= Ernst Mahle =

Brazilian composer (1929–2025)

Ernst Mahle (3 January 1929 – 12 May 2025) was a Brazilian composer and orchestra conductor of German birth.

==Life and career==
Mahle was born in Stuttgart, Württemberg, Germany on 3 January 1929. He studied music with Johann Nepomuk David in Stuttgart before coming to Brazil in 1951, and then with Hans-Joachim Koellreutter in Piracicaba. He became a Brazilian citizen in 1962. In 1953, he was one of the founders of the Escola de Música de Piracicaba. After teaching music there, he became artistic director and conductor of the orchestra and choir of the institute, holding these posts for more than fifty years.

In 2005, Mahle composed the opera O Garatuja, libretto by Eugênio Leandro. The opera was based on the homonymous novel by José de Alencar, which was premiered on 27 April 2006, at the Teatro Municipal de Piracicaba "Dr Losso Netto". He was a member of the Brazilian Academy of Music (chair no. 6).

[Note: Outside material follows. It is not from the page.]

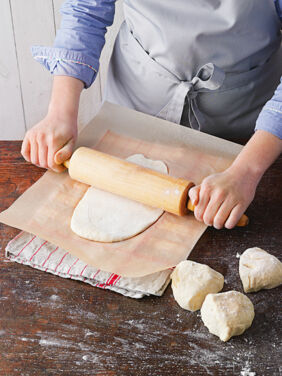 Flammkuchenteig ausrollen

Mahle died in Piracicaba, São Paulo on 12 May 2025, at the age of 96.

==Works==
- Marroquinhas Fru-Fru (1974) opera, libretto by Maria Clara Machado
- A Moreninha (1979) opera, libretto by José Maria Ferreira
- O Garatuja (2006) opera, libretto by Eugênio Leandro
- Isaura (2023) opera

==Sources==
- Paulo Affonso de Moura Ferreira: Ernst Mahle: Catálogo de obras (Brasília: Ministério das Relações Exteriores, 1976).
- Eliane Tokeshi: "As sonatas e sonatinas para violino e piano de Ernst Mahle: Uma abordagem dos aspectos estilísticos", in I Seminário Nacional de Pesquisa em Performance Musical. III: Belo Horizonte, 2000, edited by André Cavazotti, pp. 43–56 (Belo Horizonte: Universidade Federal de Minas Gerais, 2001); also constituting the journal Per musi: Revista de performance musical no. 3 (January–June 2001).